Through my own studies here at Keiser University, I have found that you have nailed your OCP when you fail at a given task in practice ~30 percent of the time. If your goal is to hit straight drives that travel at least 280 yards, keep practicing until you can do it at least seven times out of 10.

Serious neurological sparks fly when you achieve the correct OCP. According to a professor of bio-kinesiology at the University of Southern California, challenging tasks tend to overload your short-term memory, making your long-term memory pick up the overflow. This is good because short-term memory is a temporary holding bin for information that is dumped almost as soon as it’s received/reviewed – you don’t need to remember last Monday’s shopping list.

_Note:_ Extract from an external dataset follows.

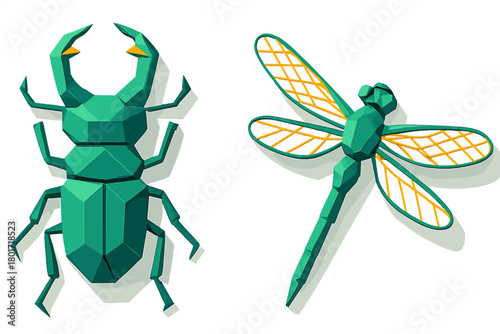 Geometric green beetle and dragonfly insects set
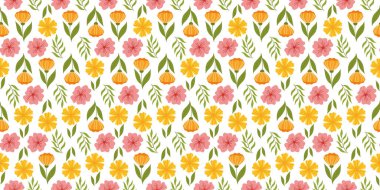 Çiçek elementlerini gösteren kusursuz bir düzen. Botanik esinlenmiş yinelenen kumaş ya da duvar kağıdı deseni yaprak, sarı çiçek, kiraz çiçeği ve yapraklı turuncu çiçekli desen.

However, you will not improve in golf if you don’t find a way to involve your long-term memory – if you use only your short-term bin, it will automatically self-erase, and the data (i.e., the swing moves you’re working on) will be lost. This explains why you kill it on the range, but the next morning hook it O.B. off the first tee. So, to make sure you overwhelm your short-term capacity in the correct fashion, you must toughen up your practice just enough to involve your long-term, permanent memory.

I have found that the magic number is 30, the percent of failure you must create to titrate your max OCP. Of course, it varies given the circumstances and the player, but your coach should be able to design a practice routine that identifies your current personal OCP – a flexible program that adjusts itself as your skill level changes.

If you do not have a coach, try different practice structures to find your OCP (your ideal level of practice difficulty). Once you get comfortable, move to a more difficult structure to cement long-term retention.